De acordo com especialistas, o volume de remessas de lucros de empresas com sede no exterior costuma ser maior nessa época, mas os volumes das ofertas do BC são considerados baixos e de pouco efeito na tendência ou no estoque de reservas do país. De fevereiro até agora, os leilões do BC no mercado à vista somaram US$ 10,2 bilhões. Enquanto isso, as reservas internacionais em moeda estrangeira da autoridade monetária estavam em US$ 364,227 bilhões no último dia 17. O montante é US$ 5,566 bilhões inferior ao patamar do fim de novembro e US$ 10,5 bilhões menor do que os US$ 374,715 bilhões contabilizados em 31 de dezembro de 2018, ou seja, no início do governo Bolsonaro (PL).

Na avaliação de Eduardo Velho, economista-chefe da JF Trust Gestora de Recursos, o BC tem dado sinais de que pode interferir toda vez que o dólar começa a ficar perto de R$ 5,80. “O Banco Central mantém a estratégia de rolar os contratos de swap cambial e intervir pouco no mercado. Mas, desde o ano passado, quando houve turbulências em relação ao Orçamento deste ano, o BC partiu para o leilão de linha sempre que o dólar ficou perto de R$ 5,80 e mostrou uma tendência de valorização mais acentuada”, disse. “O BC está sendo prudente, mas parece que tem um nível de câmbio que provoca uma atuação mais intensa”, acrescentou.

Velho lembrou que a piora do cenário externo, por conta da variante ômicron do novo coronavírus e da mudança da política monetária dos bancos centrais dos países desenvolvidos, principalmente dos Estados Unidos, tende a manter o dólar mais valorizado em 2022. “O dólar tem subido nos últimos dias devido ao aumento da demanda por hedge (proteção) dos agentes financeiros e dos exportadores, que tende a crescer diante da expectativa de maior desvalorização do real. Além disso, há o fluxo desfavorável das remessas de lucro que sempre ocorrem no fim do ano.”

Os analistas avaliam que o dólar continuará valorizado, em grande parte, por causa da piora do quadro fiscal esperada a partir do próximo ano. Enquanto o Congresso aprovava um Orçamento com R$ 16,5 bilhões para as polêmicas emendas do relator — vistas como o Mensalão do atual governo —, com reajuste para policiais e quase R$ 4,9 bilhões no fundão eleitoral, o ministro da Economia, Paulo Guedes, tirava férias, para só retornar ao gabinete em 7 de janeiro.

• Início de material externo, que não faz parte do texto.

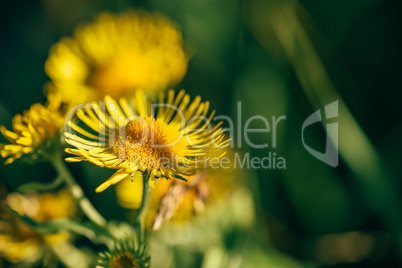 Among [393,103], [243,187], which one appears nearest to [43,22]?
[243,187]

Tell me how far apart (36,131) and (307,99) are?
1.10 metres

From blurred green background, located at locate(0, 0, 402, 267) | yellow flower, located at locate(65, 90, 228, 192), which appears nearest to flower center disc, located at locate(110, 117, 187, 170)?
yellow flower, located at locate(65, 90, 228, 192)

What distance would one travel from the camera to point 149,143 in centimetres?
90

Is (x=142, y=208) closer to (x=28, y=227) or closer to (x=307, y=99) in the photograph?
(x=28, y=227)

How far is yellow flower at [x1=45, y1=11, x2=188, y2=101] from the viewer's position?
56.4 inches

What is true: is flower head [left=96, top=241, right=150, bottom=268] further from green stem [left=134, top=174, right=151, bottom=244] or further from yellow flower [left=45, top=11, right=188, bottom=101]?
yellow flower [left=45, top=11, right=188, bottom=101]

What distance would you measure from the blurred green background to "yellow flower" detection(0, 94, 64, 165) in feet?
1.97

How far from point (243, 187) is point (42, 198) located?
71 centimetres

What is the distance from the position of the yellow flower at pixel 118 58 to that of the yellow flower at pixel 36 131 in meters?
0.45

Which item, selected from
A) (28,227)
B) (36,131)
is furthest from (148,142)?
(28,227)

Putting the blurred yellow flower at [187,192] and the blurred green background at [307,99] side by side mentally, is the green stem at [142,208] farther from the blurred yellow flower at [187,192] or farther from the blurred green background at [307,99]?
the blurred green background at [307,99]

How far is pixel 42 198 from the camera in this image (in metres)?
1.25

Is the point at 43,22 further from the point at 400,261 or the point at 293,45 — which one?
the point at 400,261

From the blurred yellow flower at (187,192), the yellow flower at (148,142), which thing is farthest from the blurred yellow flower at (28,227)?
the yellow flower at (148,142) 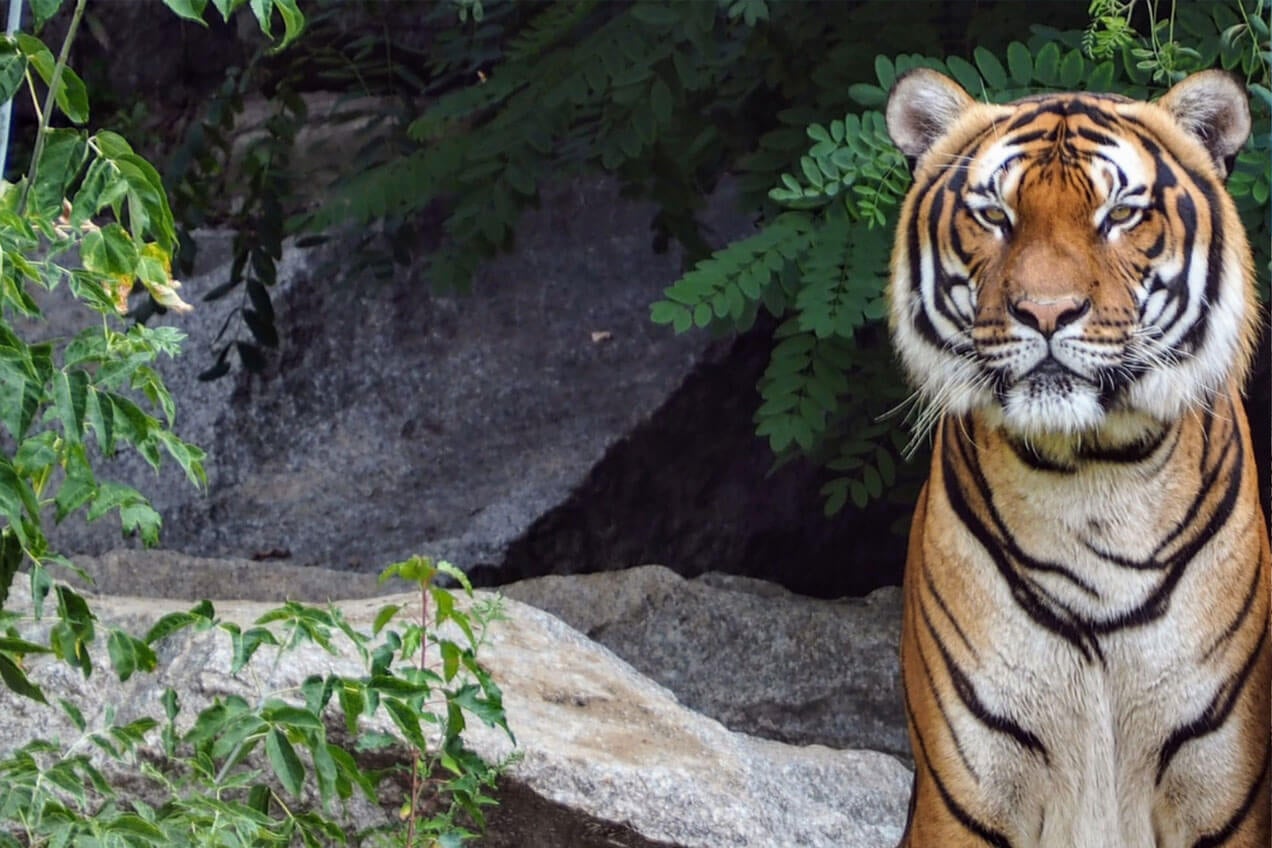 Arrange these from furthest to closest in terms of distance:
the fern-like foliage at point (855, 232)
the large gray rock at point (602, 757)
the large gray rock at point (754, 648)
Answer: the large gray rock at point (754, 648) → the fern-like foliage at point (855, 232) → the large gray rock at point (602, 757)

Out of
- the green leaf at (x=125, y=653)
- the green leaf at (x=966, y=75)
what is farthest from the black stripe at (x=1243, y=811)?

“Há muita incerteza nos mercados, e o cenário é de piora nos fundamentos macroeconômicos e da questão fiscal. Por isso, não vejo o dólar voltando a cair para menos de R$ 5,60”, destacou Velho. “Tenho conversado com vários economistas e o consenso é de que o dólar deveria estar entre R$ 4,30 e R$ 4,80, mas o câmbio atual é resultado da piora na percepção da qualidade do governo. O fiscal atrapalha, mas não é só isso. O saldo é muito ruim, porque as reformas pararam na da Previdência. A do Imposto de Renda não andou e a guerra fiscal continua. Os problemas crônicos do país não foram foram resolvidos e não se vislumbra uma reversão”, destacou o consultor Roberto Luis Troster, ex-economista-chefe da Federação Brasileira de Bancos (Febraban).

Gustavo Cruz, estrategista da RB Investimentos, lembrou que o real não é a moeda emergente que mais tem se desvalorizado neste ano. A lira turca acumula mais de 40% de perdas, enquanto a moeda brasileira cai cerca de 10%. “O Banco Central tem deixado o câmbio mais livre. No ano passado, as intervenções ocorriam com mais força. Entendo que eles deixaram o câmbio se estabilizar em um patamar mais alto e esses leilões no fim do ano estão ocorrendo mais por fatores técnicos, devido às maiores remessas no fim do ano”, afirmou.